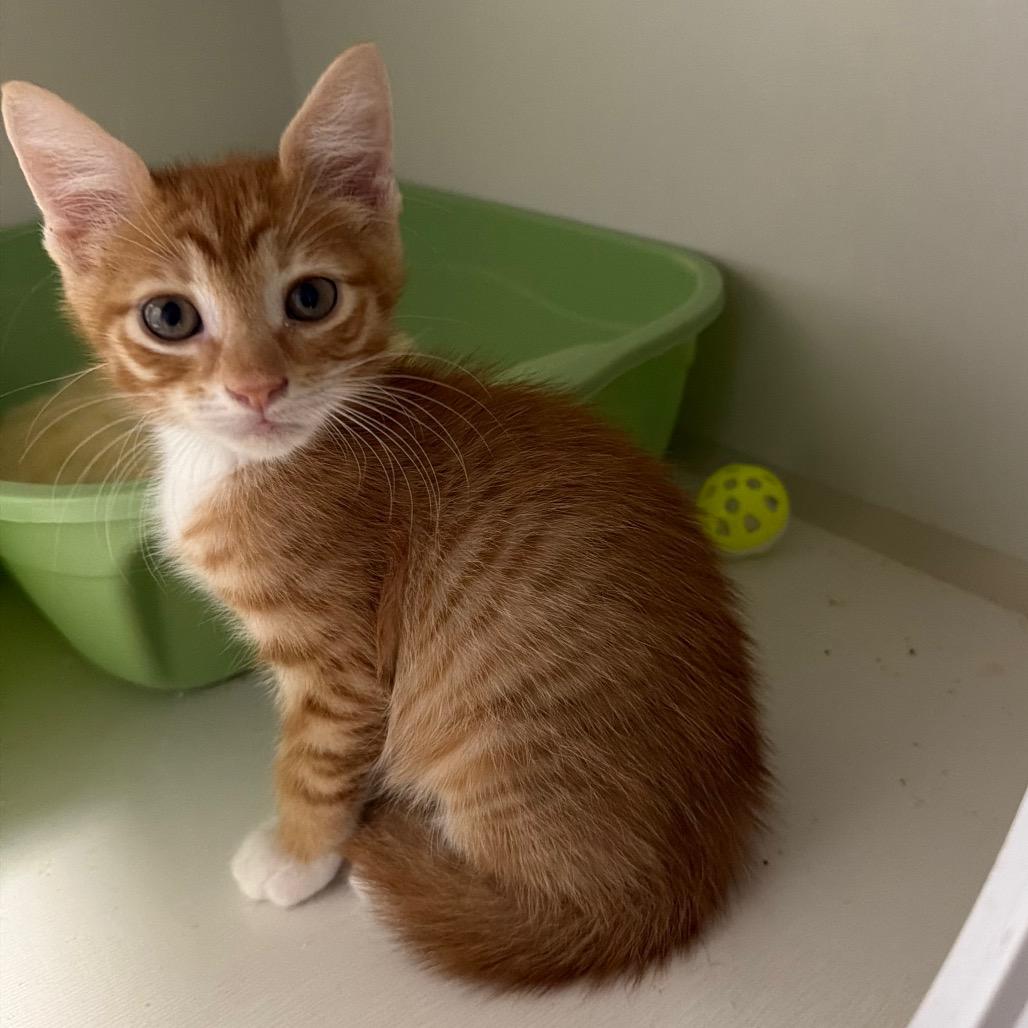 Enlarge Cole (OT 2), a Adoptable Domestic Short Hair in Floresville, TX image 2/2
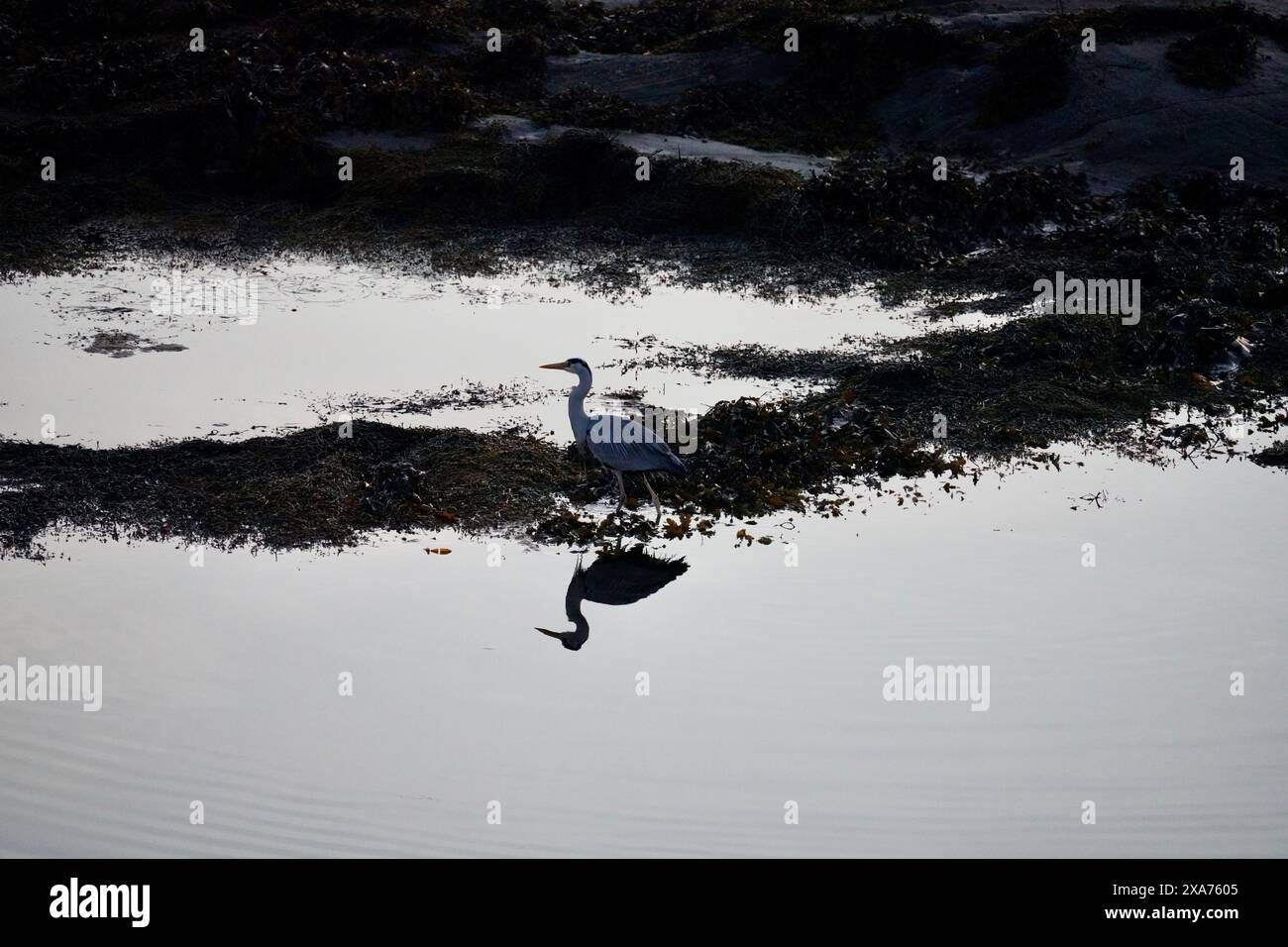 A grey heron wading in a peaceful tidal pool at dawn, a common sight along the Atlantic Ocean Road in Norway. Stock Photo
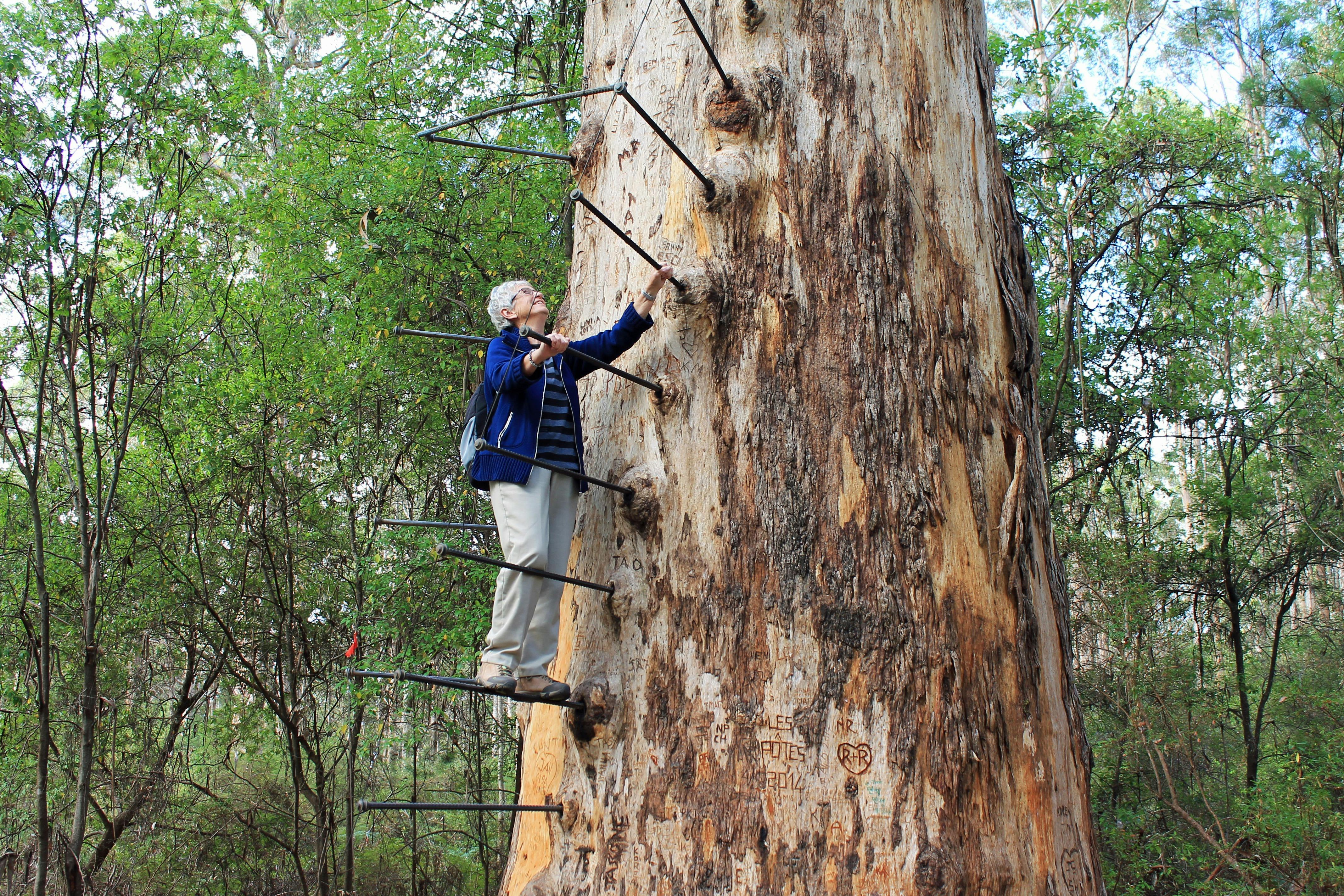 Woman on the metal ladder rungs at the bottom of a large tree trunk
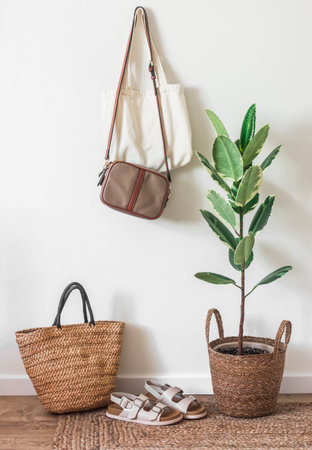 Hallway interior - ficus in a wicker basket, bags, shoes. Scandinavian style houseの写真素材
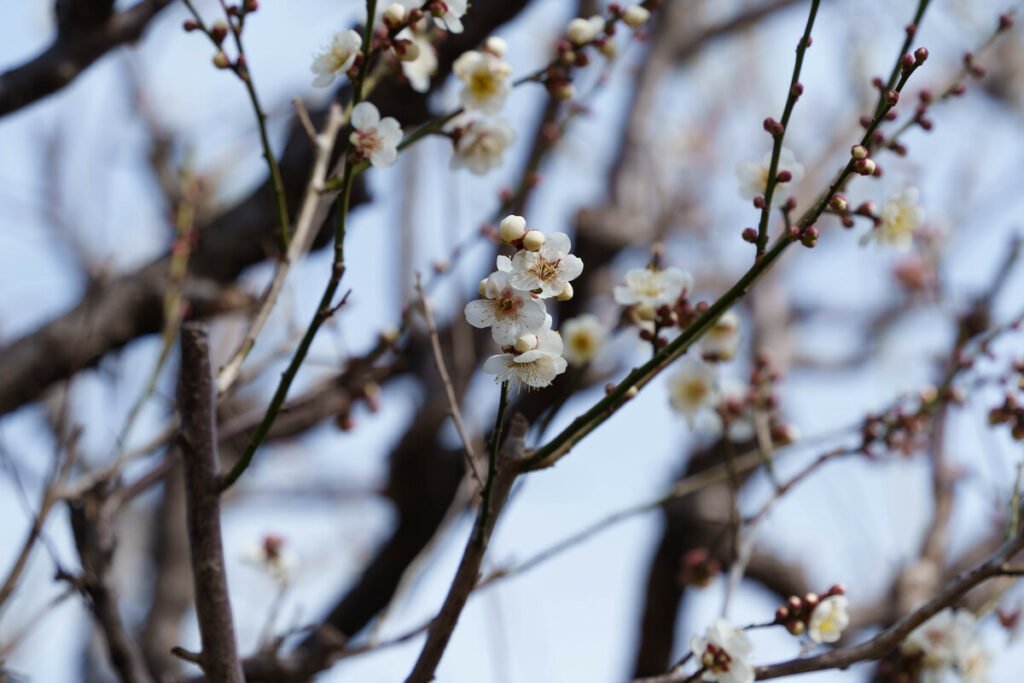 少しずつ咲き出した武蔵の池前の白梅の花 (2023年2月7日撮影)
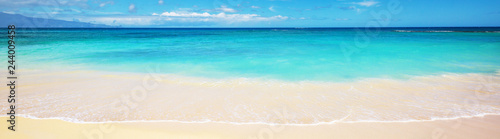 Canvas Print Hawaiian beach
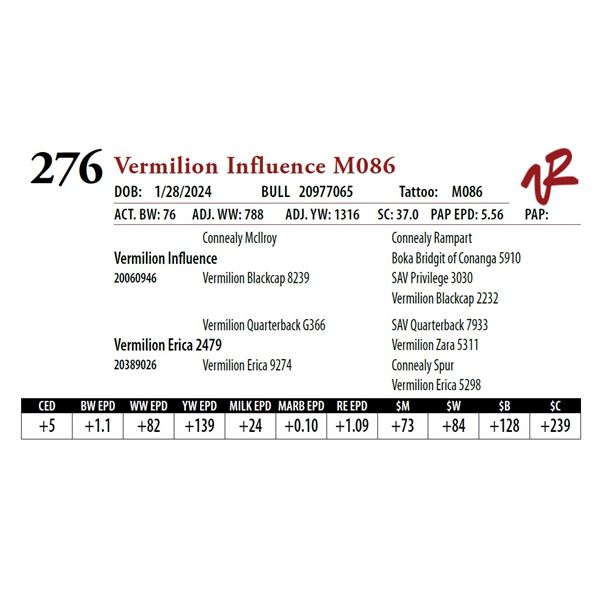 VERMILION INFLUENCE M086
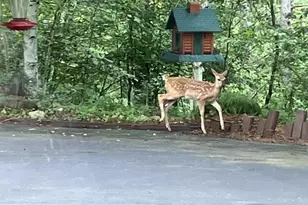 N9689 Bass Lake Ln, Phillips, WI 54555 - Photo 37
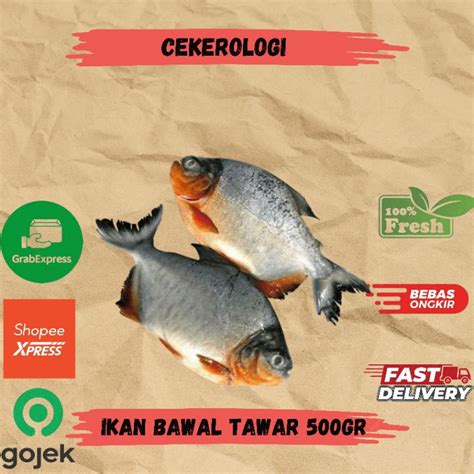 Jual Ikan Bawal Tawar 500gr Ikan Bawal Tawar Ikan Bawal Ikan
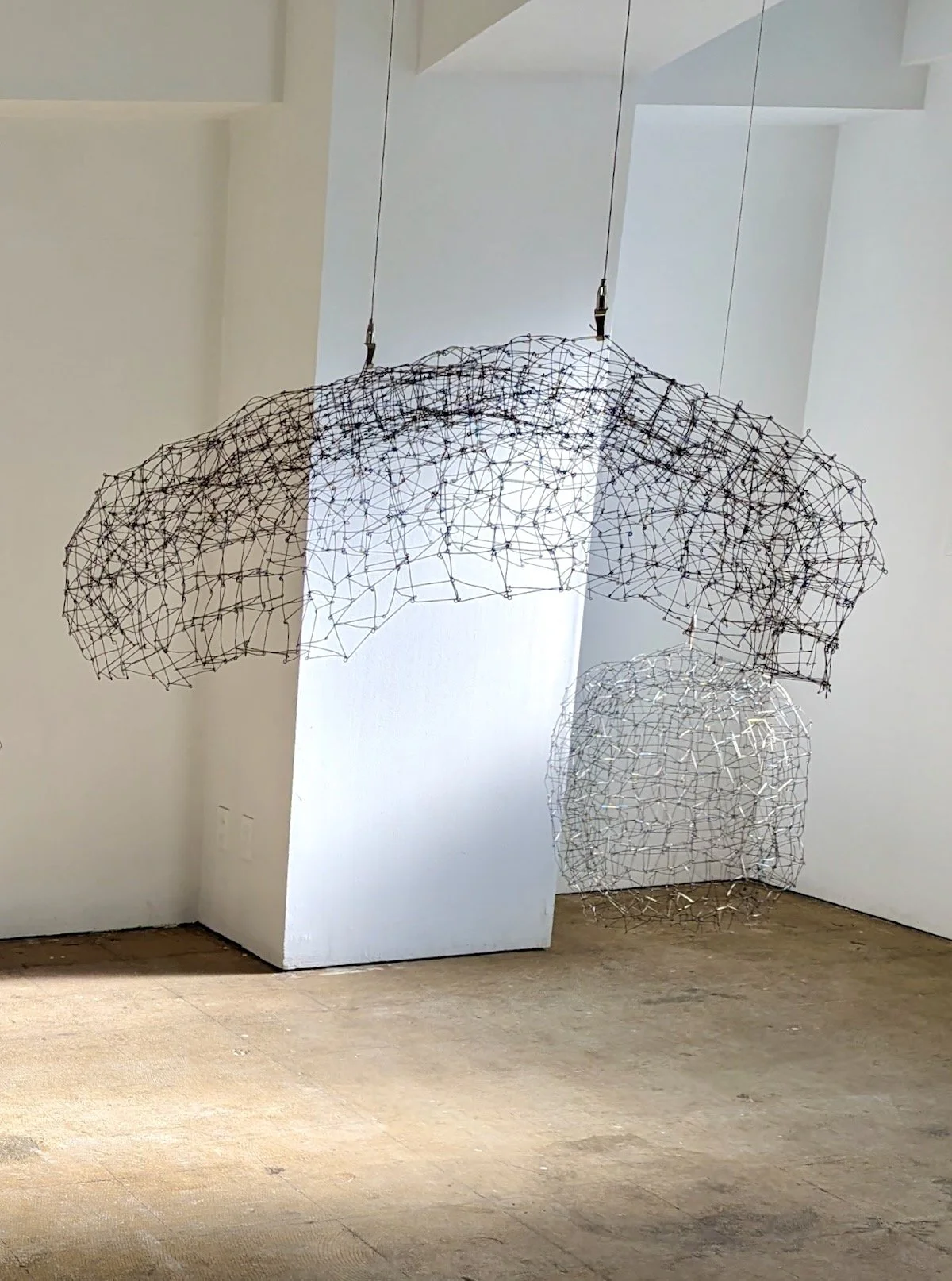 Wire Sculpture 26.jpeg
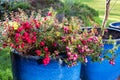 Gaultheria Mucronata, Pernettya or Prickly Heath. Evergreen shrub in a blue ceramic plant pot, with large pink and purple berries. Royalty Free Stock Photo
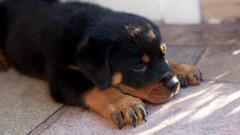 Animals Dogs Puppies rottweiler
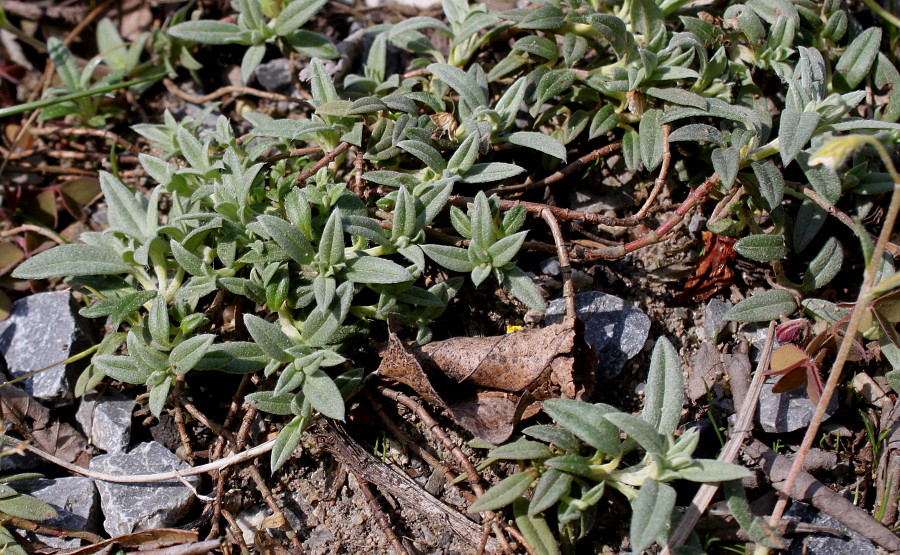 Изображение особи Helianthemum alpestre.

■ TASK
Where a picture appears, skip it and copy the rest of the data word for word.

■ SOLVED EXERCISE
 Enlarge Cole (OT 2), a Adoptable Domestic Short Hair in Floresville, TX image 2/2
 A grey heron wading in a peaceful tidal pool at dawn, a common sight along the Atlantic Ocean Road in Norway. Stock Photo
 Woman on the metal ladder rungs at the bottom of a large tree trunk
 Hallway interior - ficus in a wicker basket, bags, shoes. Scandinavian style houseの写真素材
 少しずつ咲き出した武蔵の池前の白梅の花 (2023年2月7日撮影)
 Canvas Print Hawaiian beach
 VERMILION INFLUENCE M086
 N9689 Bass Lake Ln, Phillips, WI 54555 - Photo 37
 Jual Ikan Bawal Tawar 500gr Ikan Bawal Tawar Ikan Bawal Ikan
 Wire Sculpture 26.jpeg
 Gaultheria Mucronata, Pernettya or Prickly Heath. Evergreen shrub in a blue ceramic plant pot, with large pink and purple berries. Royalty Free Stock Photo
 Animals Dogs Puppies rottweiler
 Изображение особи Helianthemum alpestre.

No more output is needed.